Sunny Briggs

Thomas H. Briggs, III, a.k.a. Sunny, started fishing at just 12 years old. "I was a Kitty Hawker, and I was in awe of the Oregon Inlet captains and their beautiful boats.

I kept bugging Lee Perry for a job as a mate on his boat. He was a Kitty Hawker too, and I needed a ride!" Sunny spent that summer working 7 days a week on the Jinny B for $5 a day. And loved every minute of it. During his teenage years, he also mated for Omie Tillett, Tony Tillett and Billy Baum.

"I can't begin to describe the education I received from these four captains. Each of them taught me so many things about fishing, how to approach people, the importance of quality work, taking care of things. It's helped me all along the way."

His first job as captain was for Omie Tillett on Jerry, Jr. A lifelong friendship formed. "Omie is the biggest influence in my life; he helped shape my life. I am so blessed he took me under his wing like he did at such a young age, and taught me so much. You don't even realize you're getting a lesson when you are around Omie, but you're learning all the time."

The time came where Sunny had to make a decision: Viet Nam or the Coast Guard. The Coast Guard it was and when he returned, he fell into a pattern which continued for many years: fish in the warm months, build a boat in the off-season. "The boats were a lot simpler in those days," said Sunny. "You could actually build one in six months!" Over the next few years, Sunny ran charters for and built boats for Omie Tillett and Sheldon Midgett.

For many years, Sunny captained a private boat, Bishop 2 built by Buddy Davis. He fished 23 days a year, which brought in a year round paycheck. The rest of the year he built boats with Omie Tillett.

Capt. Buddy Davis, just 24 at the time, was Sunny's dock partner, and in 1974, he came to Sunny with a proposal: Buddy would build a shop at Thicket Lump if Sunny would come work for him, which he did for 3 years.

"When I think about the history of the Carolina flair design, it was Warren O'Neal who put crafted the design and put quality into the boats. Omie Tillett and Ricky Scarborough improved the look, style and shape. .Sheldon Midgett did so much to increase the ride and performance. But it is Buddy Davis who told the world about them, and he put Wanchese on the map. He was a real salesman, way ahead of his time. He was hard worker with great ideas."

Sunny opened Briggs Boatworks in 1985. His wife Dee does the books, and the company has built 70 hulls to date, including the ones built in his backyard shop. "We built boats the hard way for years. Dee is actually the one who came up with the idea of computerized jigs. She had the idea and Steve French at Marine Applied Concepts made it happen. The first one ever done was done out of this shop. Now everyone is building this way!"
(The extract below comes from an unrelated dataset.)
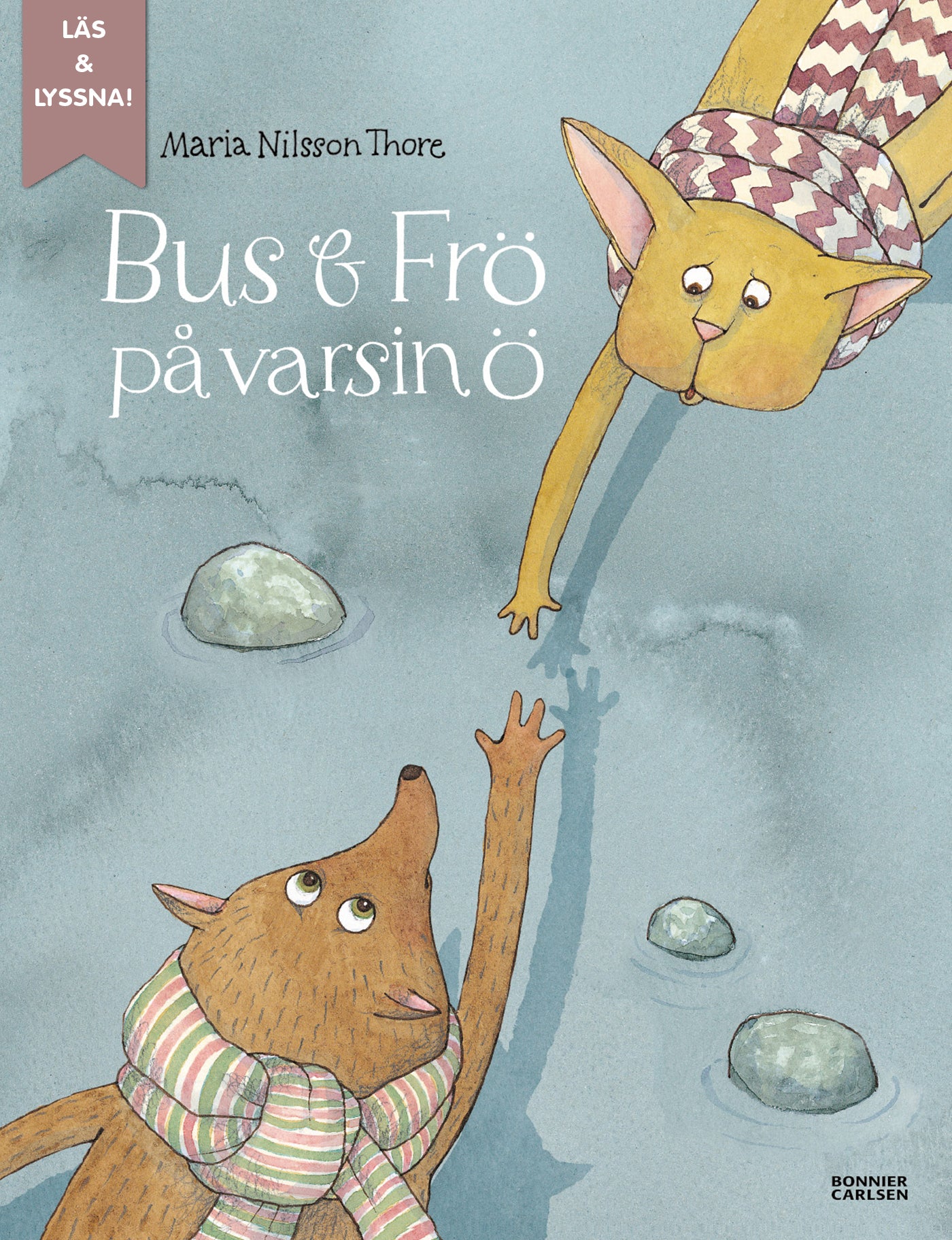 Bus och Frö på varsin ö (e-bok + ljud) – E-bok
When asked, Sunny says the success of his business was built on dependability. "It's something I learned from Omie. I actually had something framed that he said all the time and hung it in the shop where I can be reminded of it every day." The saying is: "There is a difference between just getting a boat out, and getting a good boat out . . . Remember that."
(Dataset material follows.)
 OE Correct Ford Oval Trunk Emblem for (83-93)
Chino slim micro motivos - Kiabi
Word of mouth also helps. Most of Sunny's clients are fisherman who have friends with a Briggs, or have fished on a Briggs. "I may not be the fastest builder, but the boat will be built the right way. People appreciate that," said Sunny.

"Fishing and boat building have been my career. But it's not the fish, or the boats, that have made it all meaningful. It's the people in the industry. It's getting in on the ground floor with Omie Tillett, Buddy Davis, Sheldon Midgett and Billy Baum. It's the employees who stick with you year after year. It's the customers who come back for a second boat. It's the relationships that make it all worthwhile."